As used herein the term “Nonpayment” means, with respect to any Distribution Date, the failure of the Trustee to receive in full, in accordance with the terms of the Pooling Agreement, funds (other than any payments made under this Policy) legally available to pay all or a portion of the Scheduled Payment that is due for payment on such Distribution Date.  

As used herein the term “Owner” means the registered owner of any Insured Obligation as indicated in the registration books maintained by or on behalf of the Trustee for such purpose or, if the Insured Obligation is in bearer form, the holder of the Insured Obligation not including any such owner that is the Trustee, the Seller, the Depositor, the Originator or the Servicer or any of their respective affiliates; provided that Greenwich Capital Markets, Inc. may be an Owner.
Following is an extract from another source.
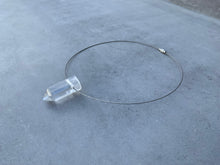 Load image into Gallery viewer, Quartz Point Silver Choker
As used herein, the term “Person” means an individual, a partnership, a limited liability company, a joint venture, a corporation, a trust, an unincorporated organization, and a government or any department or agency thereof.

As used herein, the term “Pooling Agreement” means the Pooling Agreement, dated as of April 1, 2006, among Greenwich Capital Acceptance, Inc., as Depositor, Greenwich Capital Financial Products, Inc., as Sponsor and as Seller and U.S. Bank National Association, as Trustee.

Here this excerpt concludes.